16. Code of Conduct and Related Policies Supplier acknowledges that it has reviewed and has actual knowledge of Flowserve’s: (i) Code of Conduct, (ii) Supplier Code of Business Conduct, (iii) Human Rights Policy, and (iv) Privacy Policy. Supplier agrees that it and its subcontractors shall adhere to, and notify Flowserve in writing of, violations of the principles contained in the above identified policies (and, where Supplier has adopted equivalent principles, to those equivalent principles) in all its dealings with or on behalf of Flowserve, relating to any Purchase Order. If Supplier provides staff that works on behalf of Flowserve or represents Flowserve, Supplier commits that its and its subcontractor’s staff will behave in a manner that is consistent with the above identified policies. Supplier acknowledges and agrees that Flowserve may change the above policies in its sole discretion and at any time, and that Supplier shall comply, and cause its subcontractors to comply, with any such changes.
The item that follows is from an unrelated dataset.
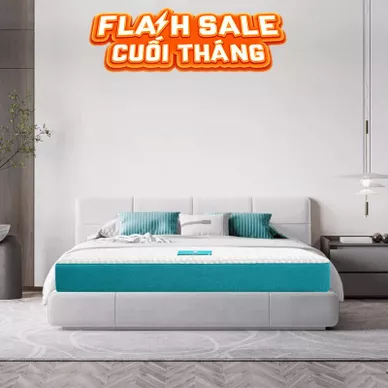 Nệm foam Nhật Bản Aeroflow Fit Plus kháng khuẩn dày 20cm - Thumbnail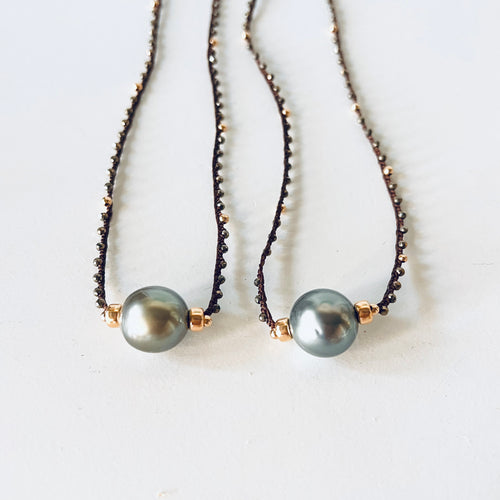 Sigal Pyrite & Tahitian Pearl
17. Severability Should any provision of these Purchase Order Terms or any portion thereof be found to be unenforceable by a court of competent jurisdiction or panel of arbitrators with competent jurisdiction, as the case may be, that provision shall be enforced to the maximum extent permissible so as to effect the intent of the Parties, and the remaining provisions hereof shall remain in full force and effect and shall not be affected by the illegal, invalid or unenforceable provision by its severance therefrom.

18. Modifications Any additional, contrary, or different terms provided by Supplier during the performance of a Purchase Order or contained or referred to in any form provided by Supplier are void and unenforceable. Any attempts by Supplier to modify, supersede, supplement, or otherwise alter Flowserve’s these Purchase Order Terms, are deemed rejected by Flowserve and will not be binding on Flowserve without need of further notice of objection, unless such terms have been fully approved in a written instrument signed by duly authorized representatives of the parties.

19. No Waiver of Conditions Flowserve's failure to insist upon strict compliance and performance by Supplier of these Purchase Order Terms or any terms and conditions contained in any Purchase Order shall not be deemed a waiver of any other right or default.

20. Translations / Governing Language English shall be the legal language of these Purchase Order Terms, and all parties waive any right to use and/or rely upon any other language, translation, or interpretation. The parties specifically agree that in the case of any inconsistencies or interpretation disputes, the English language version shall control.